Итак, сначала это были отвращение и страх, потом настала пора материнства; природа с ее неумолимыми требованиями и на этот раз предложила ей слишком жестокое испытание. Беременность протекала тяжело, с осложнениями, роды едва не стоили ей жизни, и в довершение всего – обескураживающее равнодушие к родившейся девочке. Ведь дочь была дитя не любви, а жертвоприношения, если позволишь мне так выразиться, чтобы еще раз напомнить о том, что ваш брак был для Майте жертвой.

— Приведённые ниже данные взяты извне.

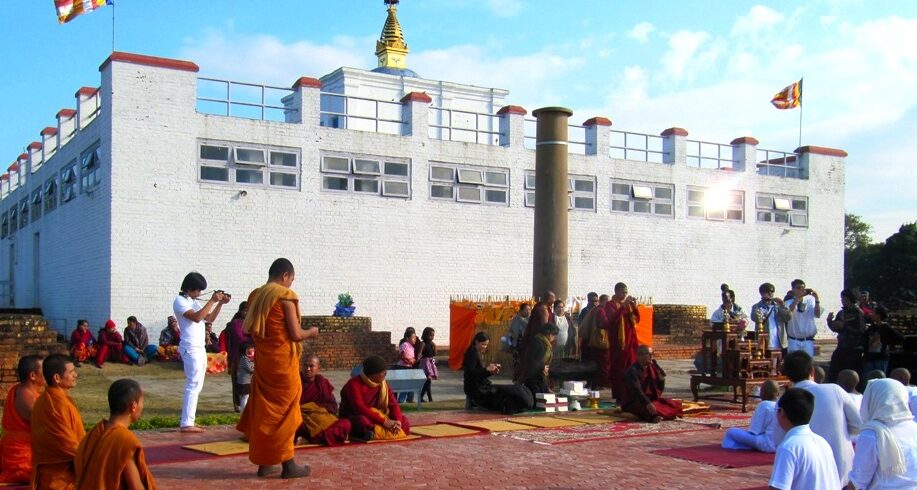 Yoga and meditation tour in Nepal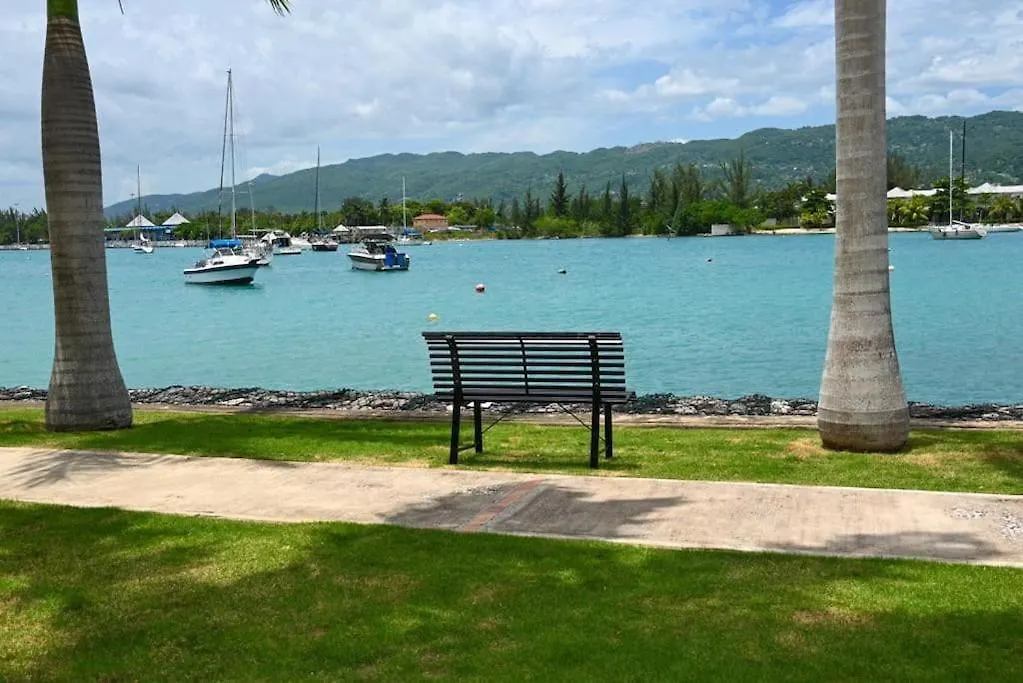 Apartament D'Escape At Seawind On The Bay Montego Bay Jamajka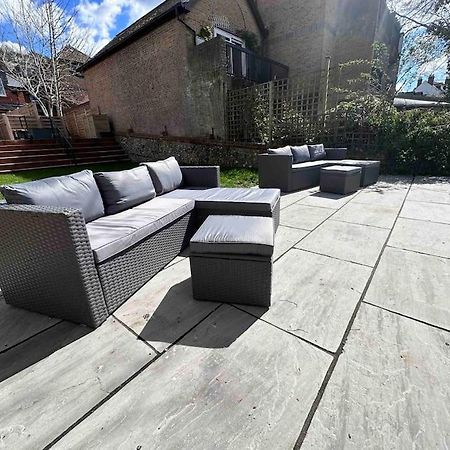 Riverside 3 Bed House Villa Winchester Exterior photo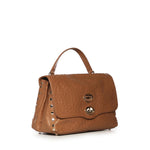 Borsa Postina® Small in pelle cactus 068010 -2230000Z0246 ZANELLATO 
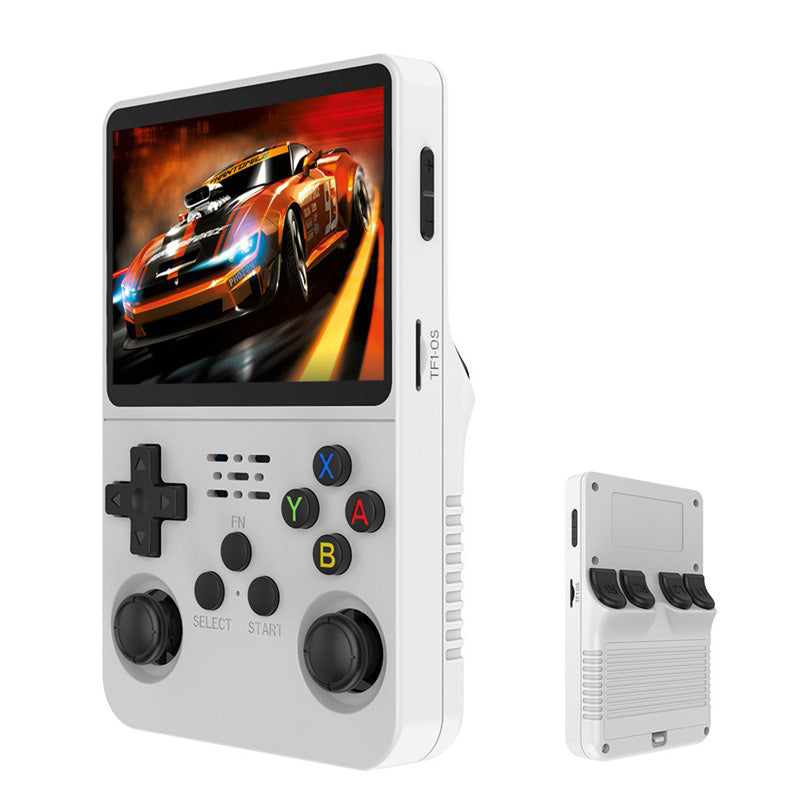 🎮 Retro Handheld 3D Video Game Console – Nostalgic Games in Immersive 3D, Pocket-Sized Retro Fun!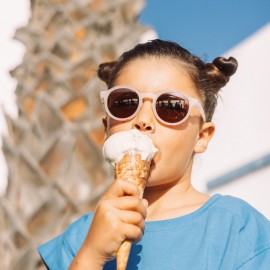 Olivio & Co - Παιδικά Γυαλιά Ηλίου Οβάλ 3-5 Ετών Gelato Summer - Vanilla Brownie Olivio & Co - Παιδικά Γυαλιά Ηλίου Οβάλ 3-5 Ετών Gelato Summer - Vanilla Brownie
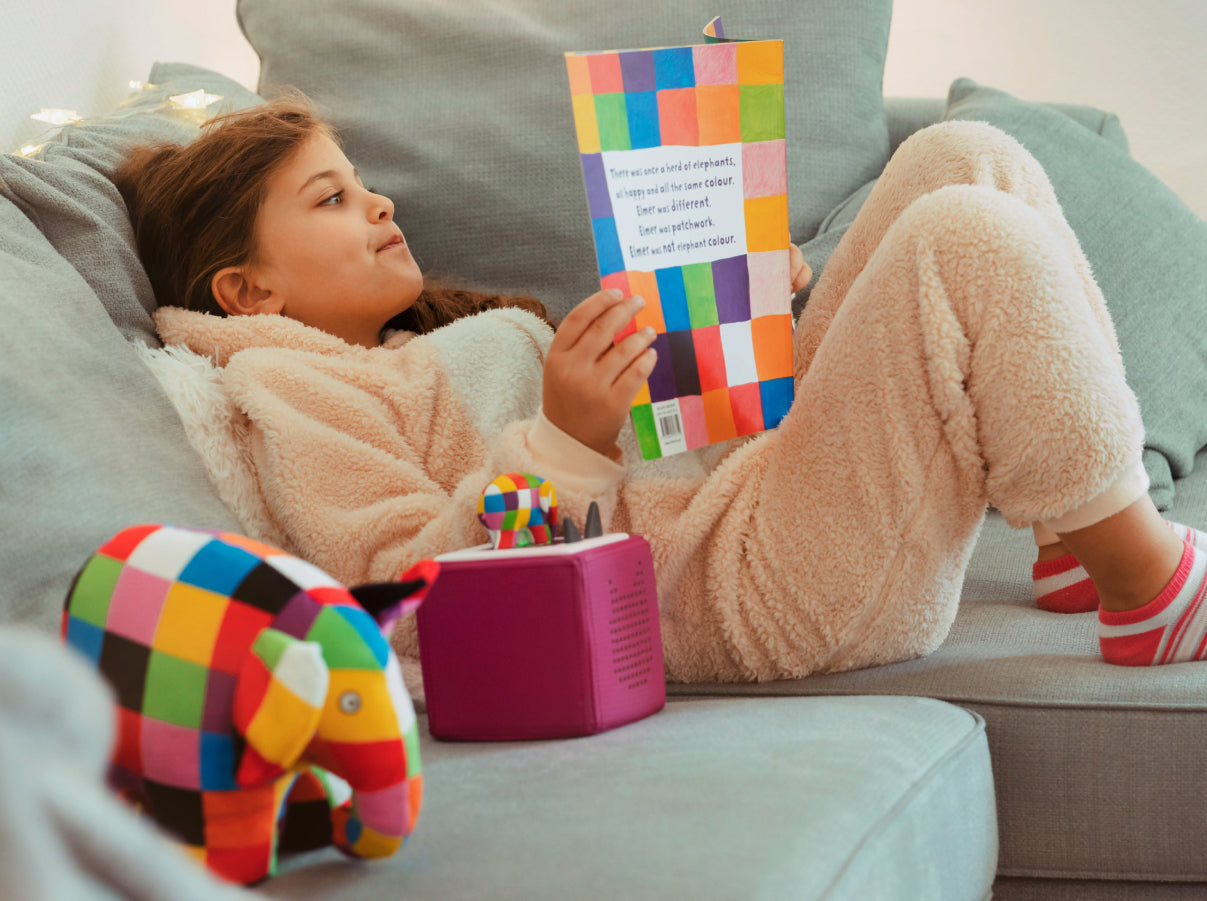 tonies: Elmer and Friends - Story Collection Tonie Audio Character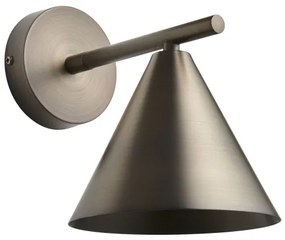 Endon 102894 - Fali spotlámpa CAPE 1xE14/7W/230V bronz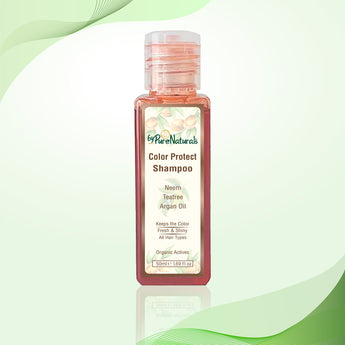 QH+ QuikHenna Hair Colour Protection Shampoo- 50ml - BuyPureNaturals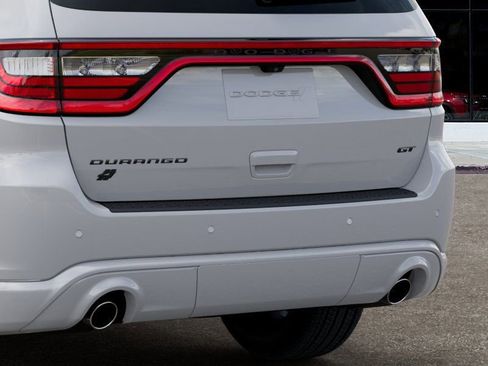 New 2026 Dodge Durango GT w/ Blacktop Package AWD/4WD image 13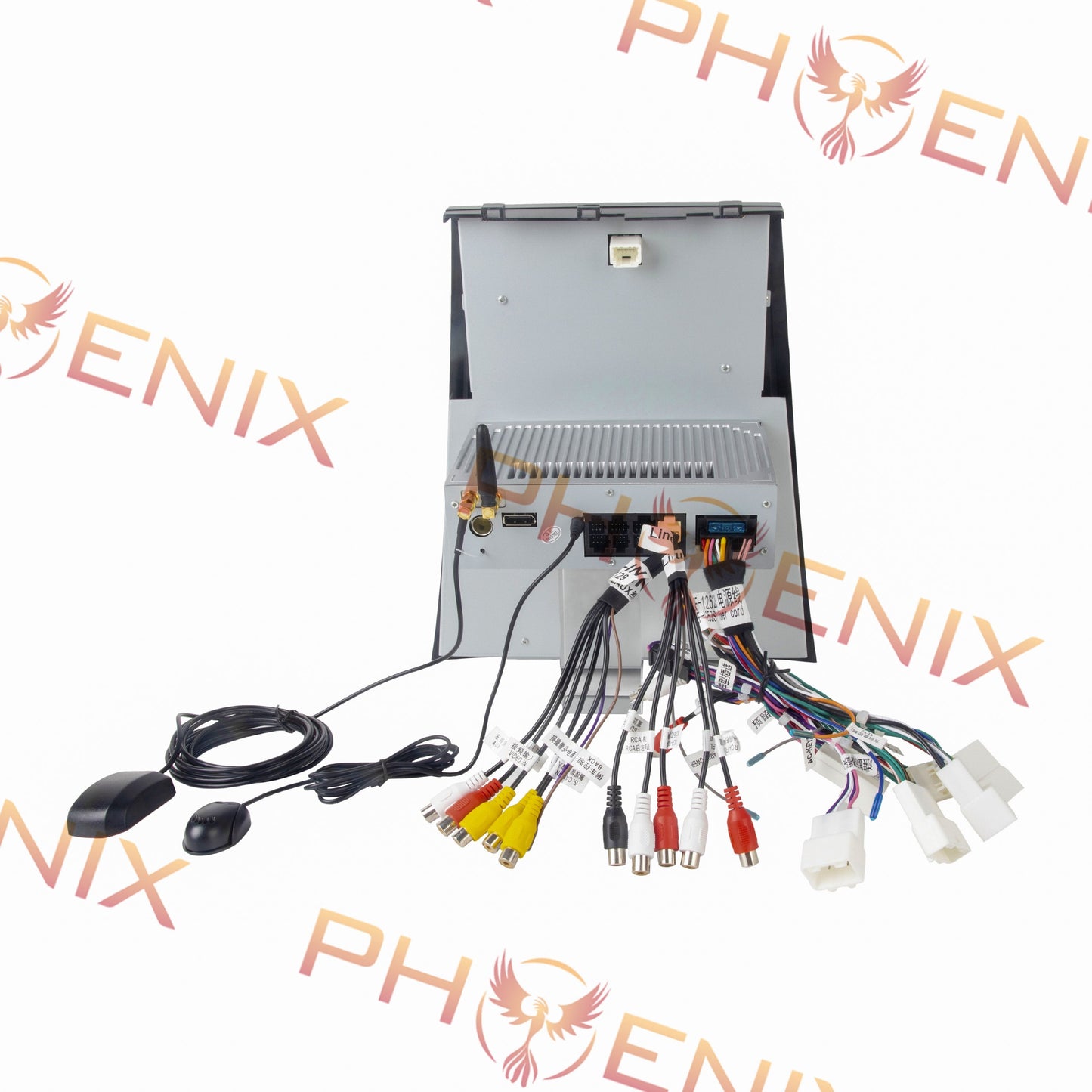 [ PX6 SIX-CORE ] 11.8" Vertical Screen Android 9 Fast boot Navigation Radio for Lexus GS 300 350 430 450h 460 2005 - 2011 - Smart Car Stereo Radio Navigation | In-Dash audio/video players onl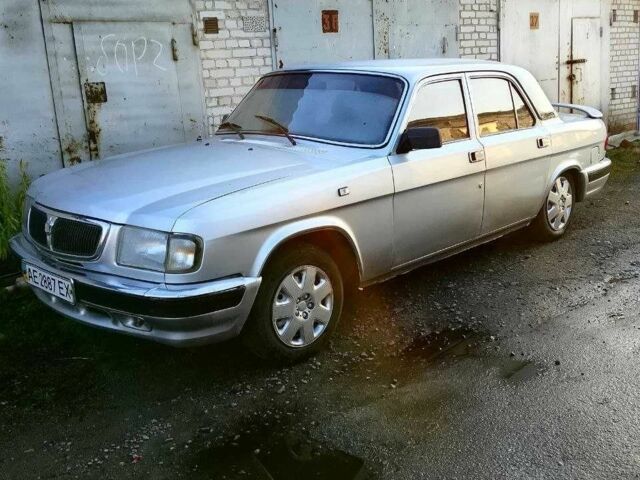 Сірий ГАЗ 3110 Волга, об'ємом двигуна 2.3 л та пробігом 81 тис. км за 550 $, фото 1 на Automoto.ua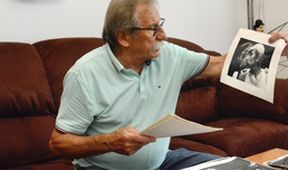 ČMAŇA, Pavel Zedníček – 75 let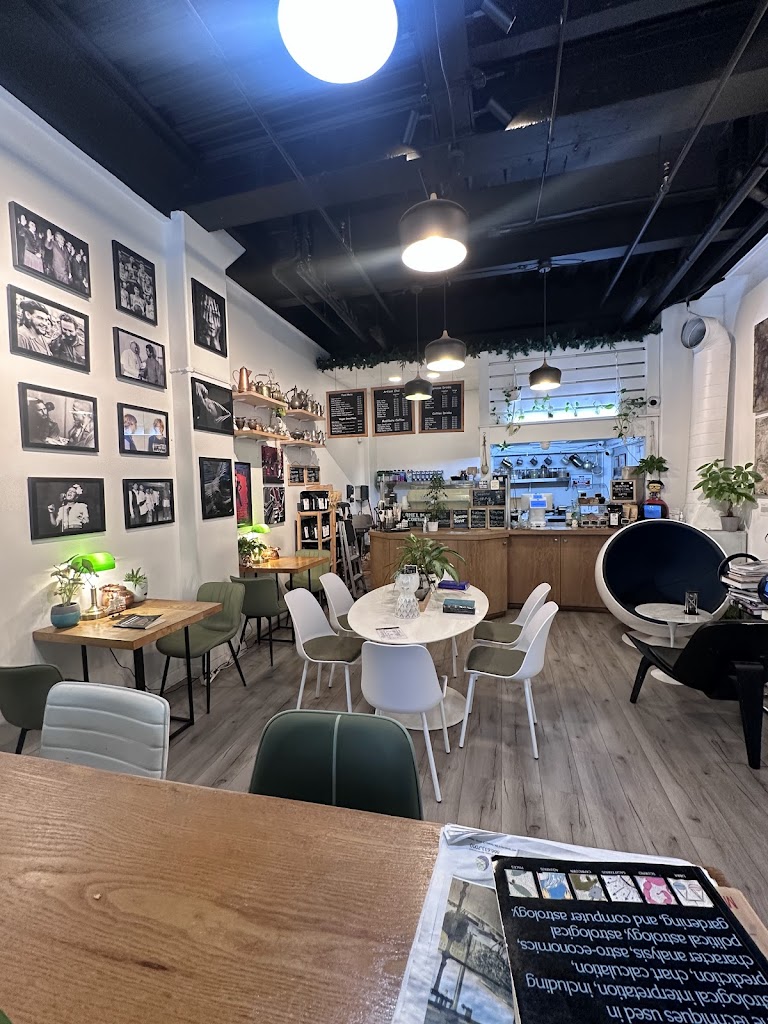 Photo of Bohemian House of Espresso + Chai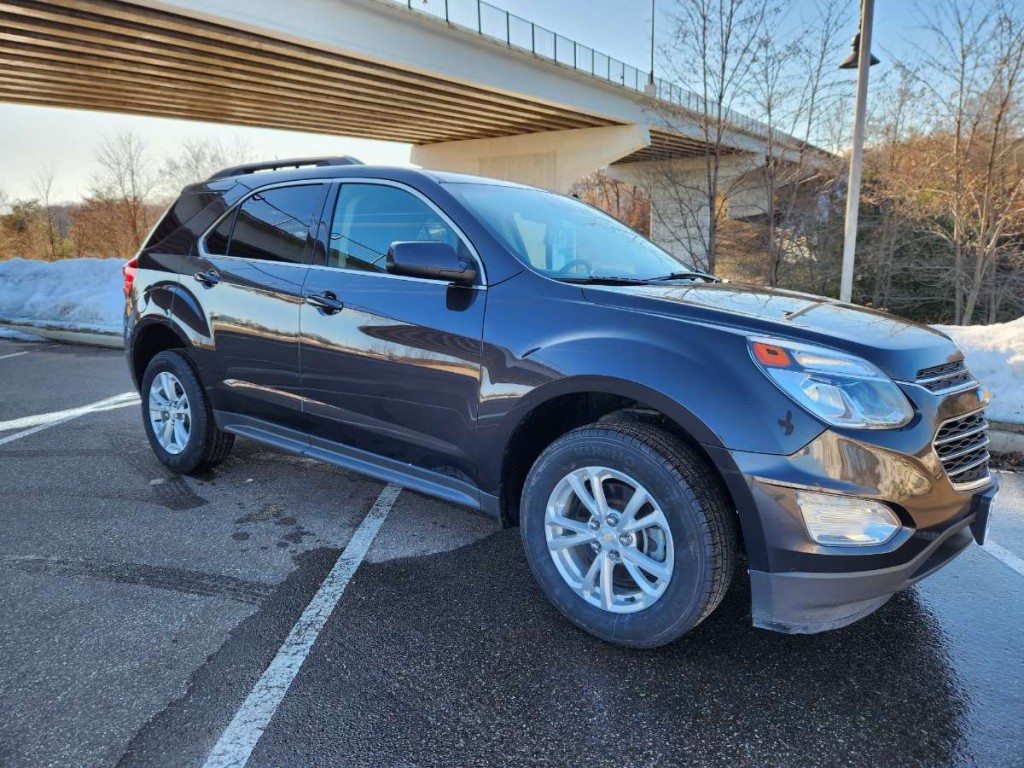 2016 Chevrolet Equinox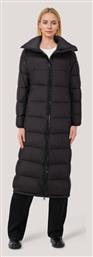 Μπουφάν Puffer ΜΑΥΡΟ Hugo Boss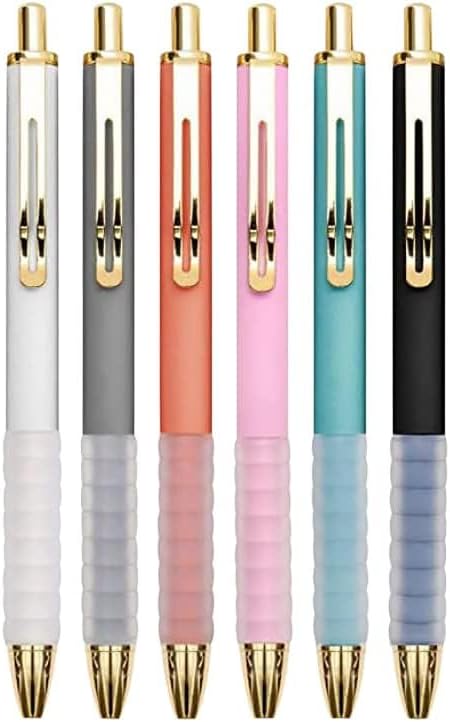 Ballpoint Pens Black Ink 1.0 mm Medium Point Smooth Writing Office Supplies - Image 3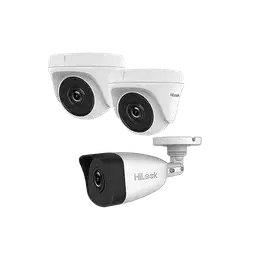 PAKET 3 CCTV HILOOK MURAH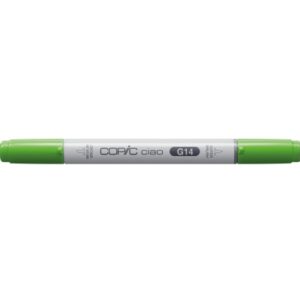COPIC     Marker Ciao 22075210  G14 - Apple Green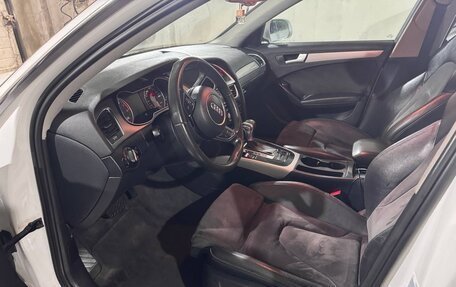 Audi A4, 2013 год, 2 500 000 рублей, 27 фотография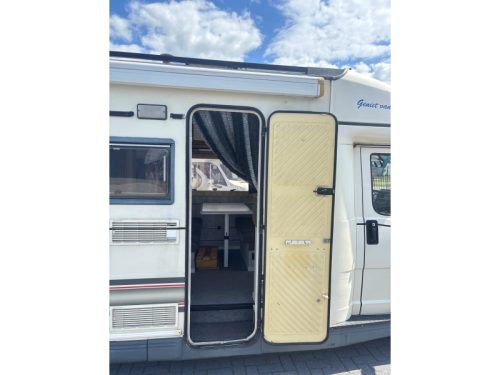 Bürstner T 620 1991/6.6M/INRUILKOOPJE!  foto: 17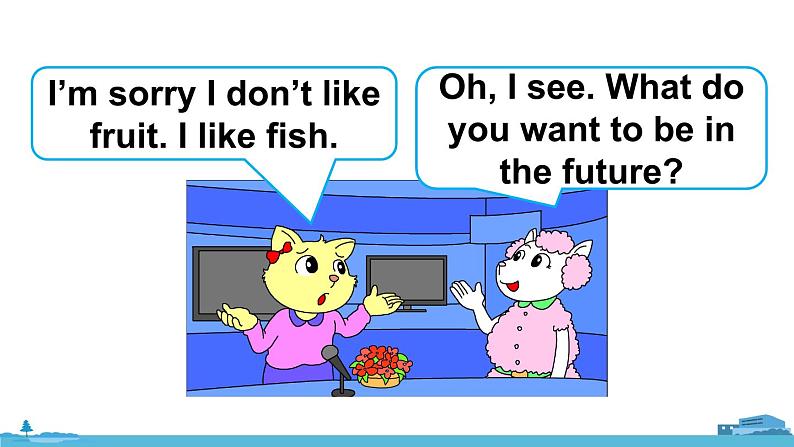 精通五年级英上册 Fun time 2Fun reading PPT课件+音频07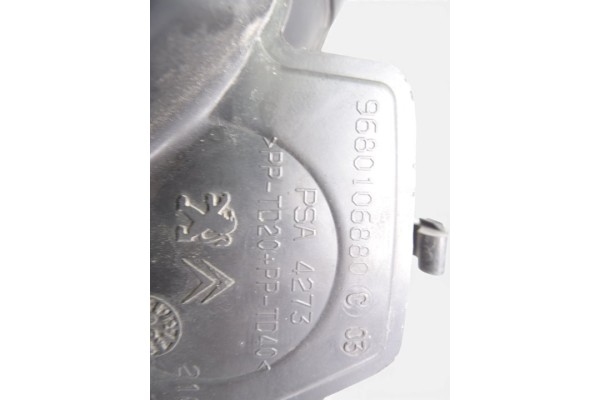 Filtro aire, Peugeot 207 Xs 2008, 9680106880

А может быть, и дитя стыда, если иметь в виду обуревавшие Майте желания, которые мне так трудно примирить с жившим в моем сознании образом девочки из Аренас. Бедная Карлота! Ты же знаешь, она росла без матери, вот откуда ее требовательность, деспотичность, вечная неудовлетворенность. Даже сейчас, при последнем прощании с матерью, она должна чувствовать себя главной, хотя Майте при жизни никогда не относилась к ней как к дочери, никогда не любила ее. Рождение Карлоты открыло для Майте второй круг ада, в который она начала опускаться после замужества. Портрет, написанный Франсиско Гойей во время ее беременности, – я заказал его, еще не догадываясь о величине постигшей ее катастрофы, – изображает Майте оцепеневшей во власти терзавшего ее тогда страха, от которого она тщетно пыталась освободиться, возвращаясь со мной к играм нашего детства. Мы тогда уже не жили постоянно в Аренас-де-Сан-Педро. Мне к тому времени исполнилось двадцать три года, и я уже стал архиепископом Толедским, а ей было двадцать, она готовилась подарить Князю мира его первого отпрыска, и в ней зрела трагедия.